Graphs are often the starting point for statistical analysis. One of the main advantages of R is how easy it is for the user to create many different kinds of graphs. We begin this chapter by studying conventional graphs, followed by an examination of some more complex representations. This final part uses the ggplot2 package.

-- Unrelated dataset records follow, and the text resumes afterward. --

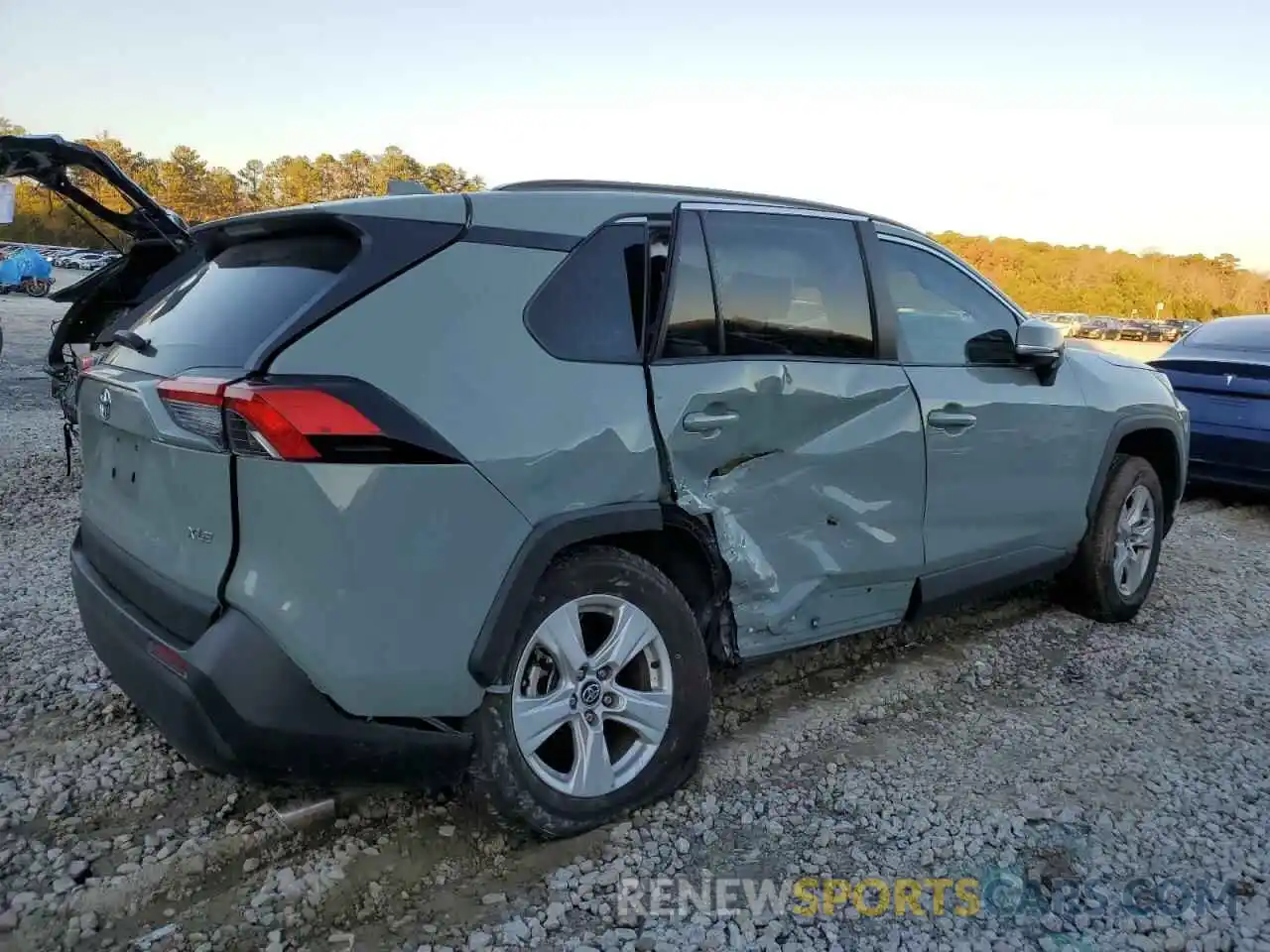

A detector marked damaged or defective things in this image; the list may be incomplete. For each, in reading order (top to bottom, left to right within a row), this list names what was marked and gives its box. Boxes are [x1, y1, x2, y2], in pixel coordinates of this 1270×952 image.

dark wrecked car [0, 135, 1189, 842]
damaged silver-green suv [7, 135, 1189, 842]
torn metal panel [650, 357, 929, 654]
dented rocker panel [650, 357, 929, 654]
damaged rear quarter panel [650, 360, 929, 654]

1. Conventional Graphical Functions

To begin with, it may be interesting to examine a few example of graphical representations which can be constructed with R. We use the demo function:

demo(graphics)

The plot function

The plot function is a generic function used to represent all kinds of data. Classical use of the plot function consists of representing a scatterplot for a variable y according to another variable x. For example, to represent the graph of the function \(x\mapsto \sin(2\pi x)\) on \([0,1]\), at regular steps we use the following commands:

x <- seq(-2*pi,2*pi,by=0.05)
y <- sin(x)
plot(x,y) #dot representation (default)
plot(x,y,type="l") #line representation

We provide examples of representations for quantitative and qualitative variables. We use the data file ozone.txt, imported using

setwd("~/Dropbox/LAURENT/COURS/EDHEC/R/FICHES")
path <- file.path("../DATA", "ozone.txt") 
ozone <- read.table(path)
summary(ozone)

Let us start by representing two quantitative variables: maximum ozone maxO3 according to temperature T12:

plot(ozone[,"T12"],ozone[,"maxO3"])

As the two variables are contained and named within the same table, a simpler syntax can be used, which automatically inserts the variables as labels for the axes:

plot(maxO3~T12,data=ozone)

We can also use (more complicated)

plot(ozone[,"T12"],ozone[,"maxO3"],xlab="T12",ylab="maxO3")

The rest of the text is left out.